> **PROBLEM TO SOLVE**:
Could you reproduce the lines below from the one with "Mint Ueber Der" through the one with "حذاء رياضي هايز من شعر العجل بطبعة الفهد michael"? Keep both ends and add nothing.

> **THE RECORDS**:
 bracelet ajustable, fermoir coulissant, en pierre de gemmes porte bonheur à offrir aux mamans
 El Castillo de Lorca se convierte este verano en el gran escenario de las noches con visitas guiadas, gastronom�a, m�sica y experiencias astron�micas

* * *

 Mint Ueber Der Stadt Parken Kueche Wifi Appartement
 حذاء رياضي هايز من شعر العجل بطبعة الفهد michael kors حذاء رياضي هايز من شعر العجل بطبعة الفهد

---

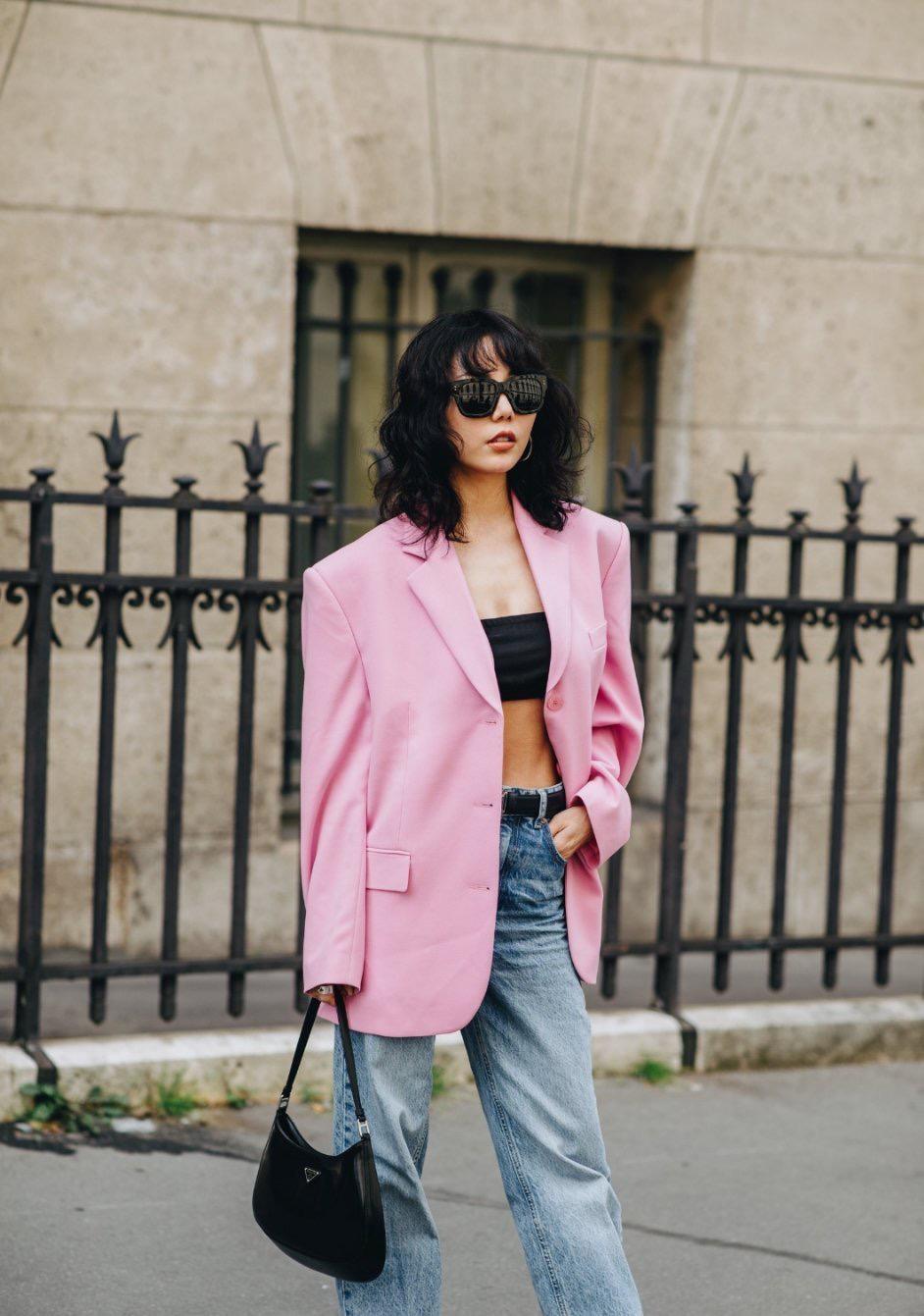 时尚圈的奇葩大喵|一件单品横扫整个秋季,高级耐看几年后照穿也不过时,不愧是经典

> **EXERCISE OUTPUT**:
 Mint Ueber Der Stadt Parken Kueche Wifi Appartement
 حذاء رياضي هايز من شعر العجل بطبعة الفهد michael kors حذاء رياضي هايز من شعر العجل بطبعة الفهد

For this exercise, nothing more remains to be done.